あえて同じ車名で異なるデザインに挑戦したのだという。

ただ、引き続き「魂動デザイン」を採用した点で、従来のアクセラのデザインを大きく変革するものではなく、アクセラのデザインを継承発展させたような印象がある。
セダン、ファストバックともに、大きめの開口部を持つフロントグリル、長めのボンネットフードを持つロングノーズ、太めのCピラーなどを採用しており、これらはアクセラを継承するものといえる。

内装・インテリア

新型マツダ3のデザインにおける「引き算の美学」の考え方はインテリアにも採用され、水平基調をベースに要素を削ぎ落したシンプルな造形とした。
美しさ、上質感と運転に集中できる心地よい空間という機能性を融合させるとともに、コックピットにある操作機器、情報などすべての要素をドライバー中心に左右対称に配置している。
同時にそれらがドライバーに正対する造形とすることで、人とクルマの一体感を向上させた。

シフトレバー付近の操作系は、スイッチ類もかなり整理されスッキリとした印象が強い。

こうしたデザインだけでなく、質感も高い。
マツダ3のシボは、本物のレザーが持つ質感を表現するために、日本の革職人と共同で開発された。
ひとつのパターンで冷たい印象の従来のものとは異なり、部位によりさまざまなパターンをもつ。
本物のレザーならではの不均一さを再現したのだ。

その他、触感なども高いレベルにありCセグメントのコンパクトカーとは思えない質感に仕上がっている。

ドライビングポジション生かすこだわりのシート

マツダは、すべてのモデルでドライビングポジションにこだわり続けている。
こだわりのドライビングポジションを突き詰めていくと、シートも重要な役割をもつ。

そこで、マツダは人間が本来的に持つバランス保持能力を生かし、さらにしっかりとしたドライビングポジションが取れるシートを開発している。

このシート、お尻をグッとシートバックに押し付けるように座ると、なぜかピッタリとハマる感覚がある。
ハマる感じはするのだが、窮屈感がないのも特徴だ。
さらに、多様な体格をカバーできるよう各調節機構の調整幅を拡大した。

また、大腿部を保持するためのチルト調節機構を新設定し、従来から採用しているオルガン式アクセルペダルやブレーキをより適切に操作できるようになった。
さらにドライバーの疲労を軽減してくれる構造になっている。

カーブなどで強い旋回Gが発生しても、しっかりと体を支えてくれるので、適切な運転操作ができる。

世界初!ハイブリッドを超える?新世代エンジン「SKYACTIV-X」

新型マツダ3には、計4タイプのエンジンが用意された。
1.5Lと2.0Lのガソリンと1.8Lのクリーンディーゼルターボ。

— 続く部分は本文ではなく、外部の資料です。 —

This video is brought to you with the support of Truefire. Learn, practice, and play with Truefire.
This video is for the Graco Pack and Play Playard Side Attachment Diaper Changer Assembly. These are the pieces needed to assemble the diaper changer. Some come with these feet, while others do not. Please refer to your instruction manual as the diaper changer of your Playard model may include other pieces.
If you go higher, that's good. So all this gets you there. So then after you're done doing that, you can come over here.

そして、注目の新時代ガソリンエンジンである「SKYACTIV-X」だ。

この「SKYACTIV-X」は、世界初の技術を採用したエンジンで、独自の燃焼方式「SPCCI(Spark Controlled Compression Ignition:火花点火制御圧縮着火)」を採用している。

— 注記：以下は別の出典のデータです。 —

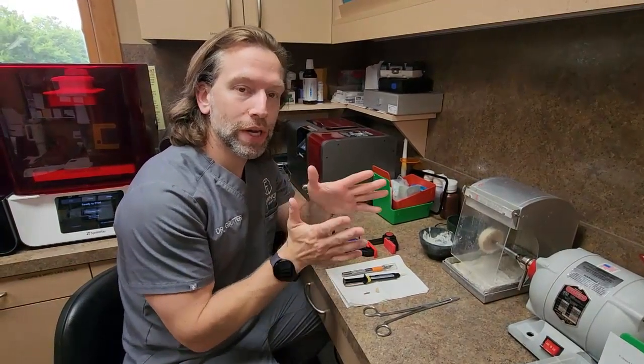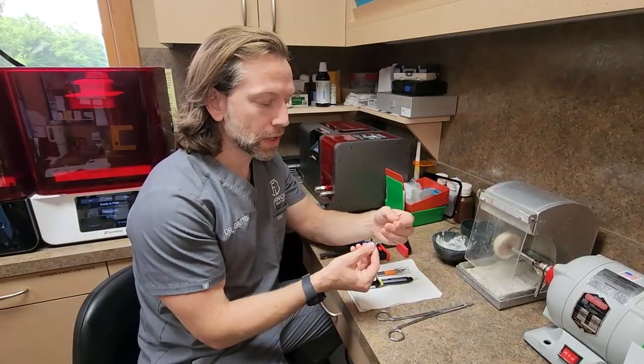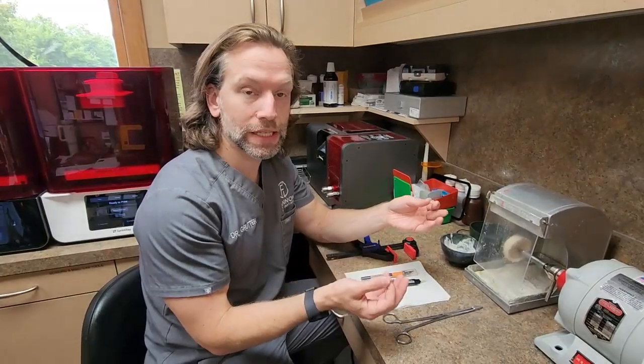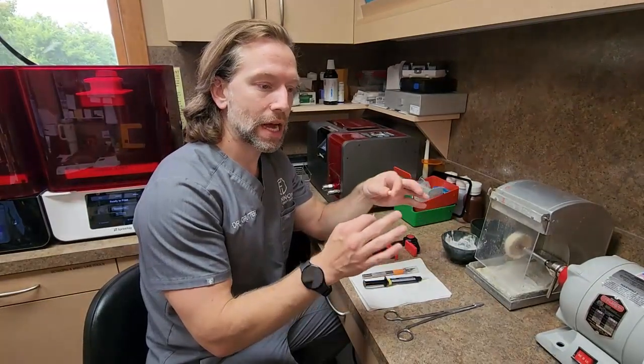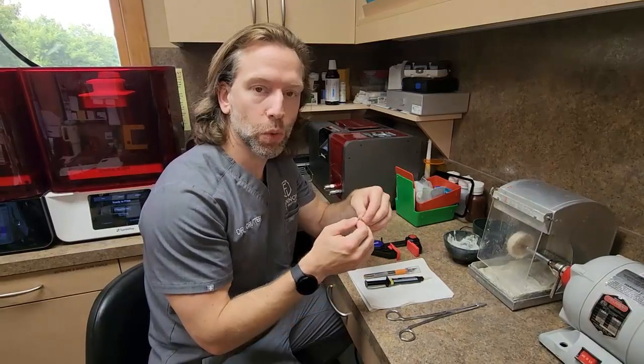I'm going to make a quick video showing how to cement a crown onto a tie base. A lot of you may already know this, and it may be kind of old news, but just in case it's not, this is a technique that I initially learned from Michael Scramstad throughout the CEREC workflow.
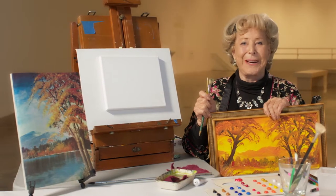Hi, welcome to my studio. I'm Connie Gordon. I hope that you would like to learn how to paint.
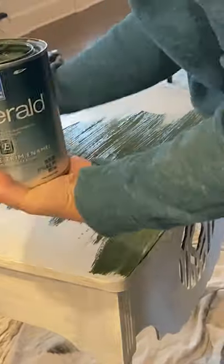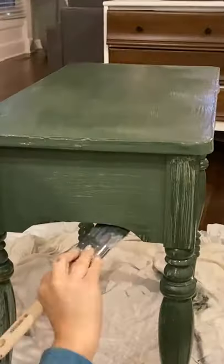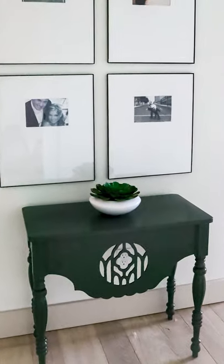Next, I used a color called Chimichurri by Sherwin-Williams. I did two coats on the entire piece, and it was a perfect color for this table.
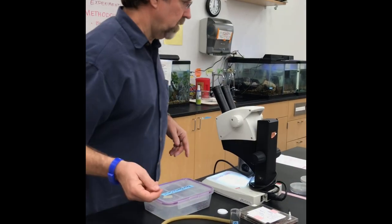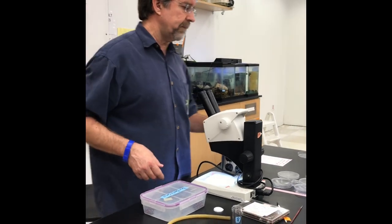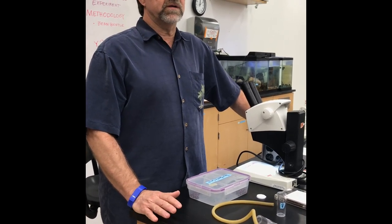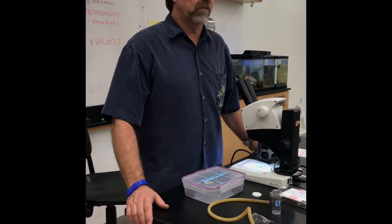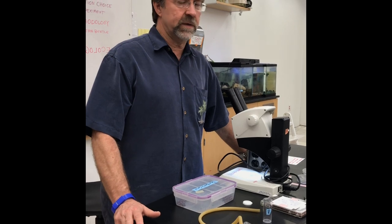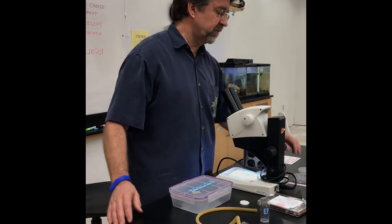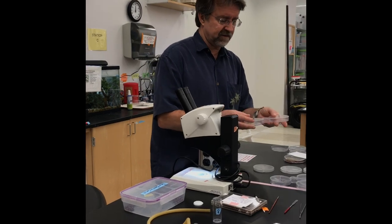For your experiment, we suggest you have access to 10 males and 10 females. You don't really need that many males. We suggest that you set up your three treatments. There are a variety of different ways to do that.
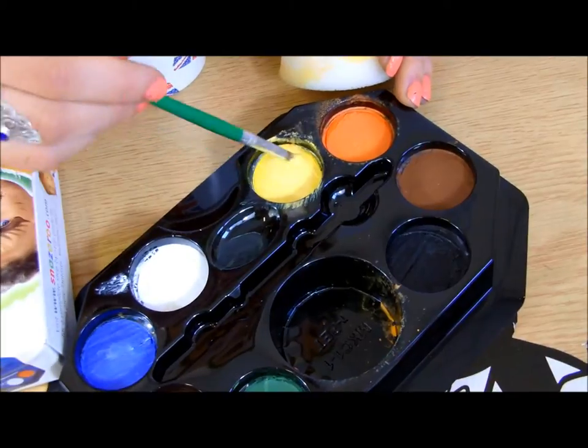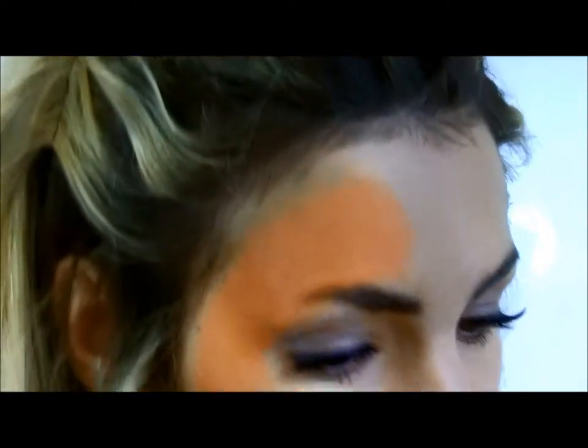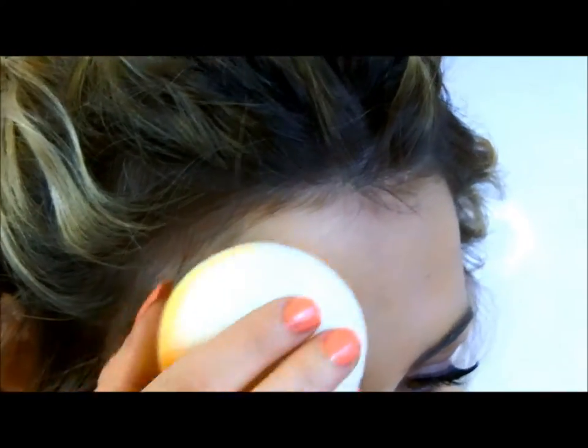I also want to add a bit of yellow in just to mix up the colour a little bit. Get a little bit of yellow on your sponge and just add it to the edges.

「SKYACTIV-X」は、エンジン回転の伸びの良さと、排気浄化性などに優れる火花点火(SI)式のガソリンエンジンの良さと、初期レスポンスやトルク感、燃費に優れる圧縮着火(CI)式ディーゼルエンジンのメリットを、独自の着火方式によって両立させている。

エンジンの使用状況に合わせて、より効率的な方式を選択して走行する。
端的に言えば、ガソリンエンジンとディーゼルエンジンの長所をあわせ持つ技術だ。
今までなく革新的なエンジンで、この技術は世界初となる。

新型マツダ3では、さらにマイルドハイブリッドシステム「M Hybrid(エム ハイブリッド)」を組み合わせ、燃費性能のさらなる向上を得た。

トランスミッションは、従来の6速ATをメインとして設定している。
相変わらずミッションの多段化は行われておらず、今や6速ATでは古さを感じる。
また、マツダはMTファンに向けて、一部車種には6速MT車も設定している。

新型マツダ3の燃費は、ファストバックの1.5Lガソリン(AT、FF)が16.6㎞/L(WLTCモード)、2.0Lガソリンが15.6㎞/L、1.8Lディーゼルが19.8㎞/Lとなっている。
SKYACTIV-X搭載車の燃費については、現在非公表だ。

新型マツダ3には、車両安定化技術である従来のGVC(G・ベクタリング・コントロール)の進化版であるGVCプラスが装備された。
新たにブレーキによる車両姿勢安定化制御を追加し、旋回中のドライバーのハンドル戻し操作に応じて外輪をわずかに制動する。
車両を直進状態へ戻すための復元モーメントを与えることで、車両が振られるなどの挙動を抑制し安定性を向上させる。

静粛性を大幅に向上した新型マツダ3

新型マツダ3では、快適性や静粛性を大幅に向上してる。
タイヤからサスペンション、ボディを通じて伝わる振動や音を独自の技術で減衰し、室内の静粛性を向上させ、快適な室内としている。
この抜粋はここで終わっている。